Many students at the EMCM “seemed to have more of an innate understanding of what jazz is” than what might be expected elsewhere” in the country, Isherwood said. “I was really excited to see that.”

“They were sort of blown away by that cultural knowledge,” said NEC faculty saxophonist Anna Webber, who joined the NEC grads in New Orleans for a few days. “There’s some stuff that you need to experience” and “connecting those dots was important for them.”

Isherwood, who teaches students privately and through the Instrumental Music School of Concord and Carlisle, outside Boston, hadn’t been to New Orleans, where he said “there’s music everywhere” and “the energy is really amazing.” 

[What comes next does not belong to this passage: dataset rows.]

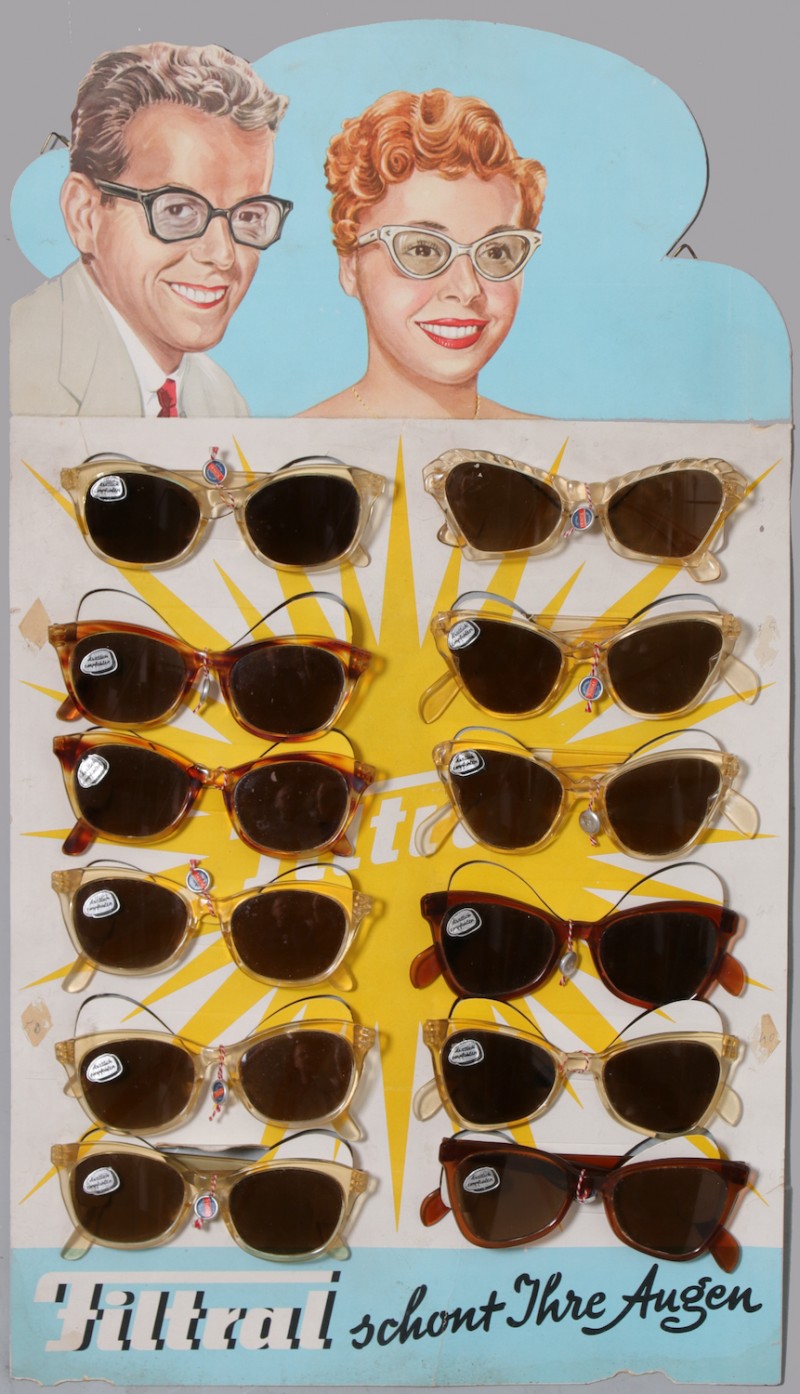 For sale: FILTRAL PRÉSENTOIR PUBLICITAIRE LUNETTES DE SOLEIL-SCHONT IHRE AUGEN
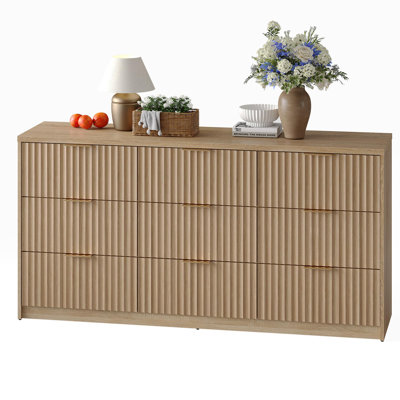 Commode cannelée à 9 tiroirs, organisateur de rangement en bois de grande capacité avec conception anti-basculement, commode de chambre à coucher rétro et table de chevet pour le couloir et l'entrée - Naturel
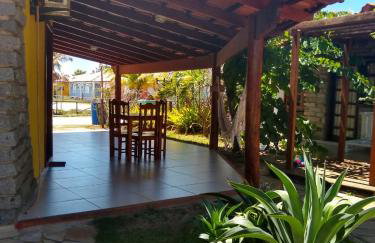 Bangalô Amarelo - Photo 1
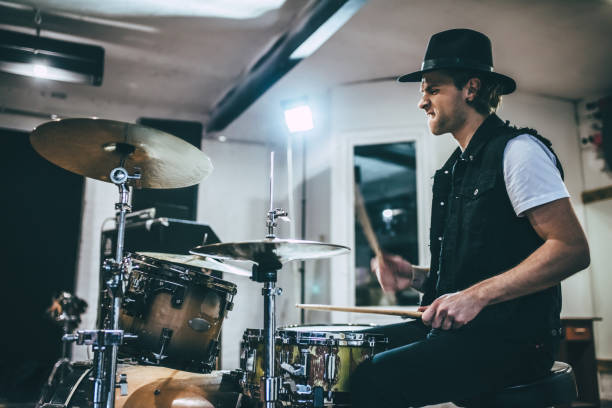 istock Music band repetition. 880905136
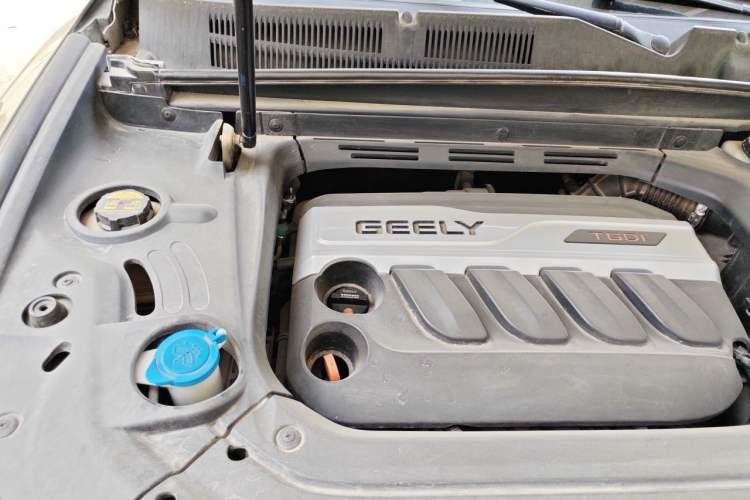 Used Geely Auto Emgrand X7 Sport 2016 1.8TD Automatic ZhiZun Version Engine Bay Right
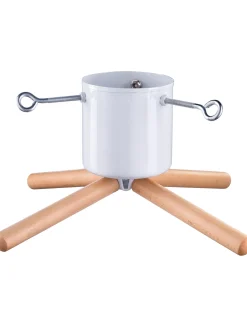 WeRChristmas Christmas Tree Stand With Water Tank For 7 Ft And Under, 46 Cm^ Stands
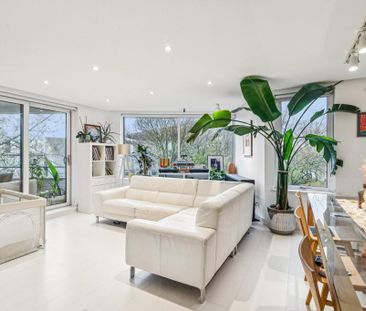 3 bedroom flat to rent - Photo 1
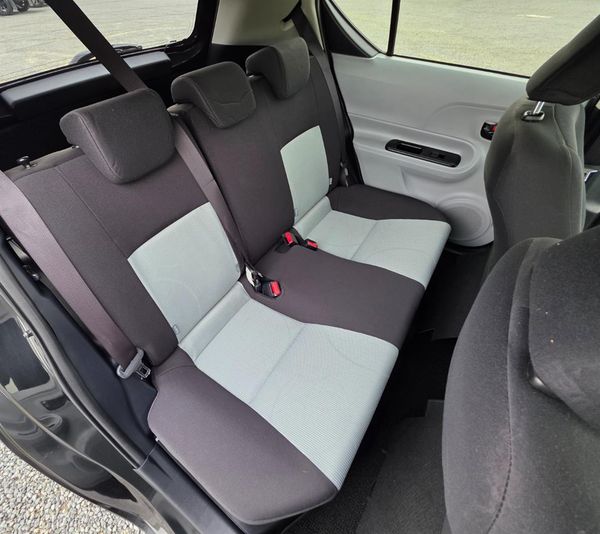 2013 Toyota Aqua Hybrid **LOW KMS- BODY-KIT -SECURITY ** Carousel 13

Initiated and supported by Rumiko Adamowicz, who sits on the President’s Council at NEC, the residency at the EMCM was designed to give the Conservatory’s alumni “real-world teaching experience in a real jazz city,” Webber said, while providing a service.

Dabney welcomed the chance for students at EMCM to work with musicians from different backgrounds and to experience different styles of teaching, and she appreciated the “extra hands in the classroom.”

Isherwood was paired with educator Carl Lacoste in a classroom of 15 students. “I learned so much watching how he taught,” Isherwood said. “This was like a weeklong master class.”

During the four days they were in New Orleans the NEC grads visited such iconic cultural landmarks as Preservation Hall and the New Orleans Jazz Museum, and they heard a performance by local jazz luminary Kermit Ruffins. They also met celebrated jazz saxophonist Branford Marsalis, who serves as artistic director of the EMCM, which he co-founded with Harry Connick Jr. and Ann Marie Wilkins. The Center was named after, Branford’s father, Ellis Marsalis Jr., who shares a surname that’s virtually synonymous with New Orleans jazz.

“He was really gracious and appreciative of us being there,” Isherwood said of Branford. “He seemed to be very invested in this place.” 

On the last morning they were in New Orleans, the NEC grads performed several of their own tunes and arrangements and offered insights into their music and individual backgrounds.

“In a lot of ways it helped add a human element” to their work at the EMCM and was “a great capstone for the week that they were here,” Dabney said.

“Through lessons, workshops, and a culminating educational performance, graduates and students at the Ellis Marsalis Center for Music made joyful connections, and the NEC graduates gained valuable teaching experience, all within the context of a city with a rich jazz history,” said Tanya Maggi, NEC’s dean of Community Engagement and Professional Studies, through which Coleman and Gedler each completed a Teaching Artistry and Music Education Concentration. The CEPS department includes NEC’s Community Performances and Partnerships program, in which Coleman, Gedler, Isherwood, and Molčányiová participated as students at the Conservatory. “We look forward to exploring future collaborations with the Ellis Marsalis Center for Music,” Maggi said.

“Everyone is very interested in seeing it continue,” Dabney agreed.

Adamowicz, who put the residency in motion after her friend Takao Ogawa, a respected Japanese writer and musician, connected her with Branford, also agreed, eager to help foster a “joy of teaching” in a city where it’s impossible not to “feel this vibe” that defines a place, an art form, and an attitude.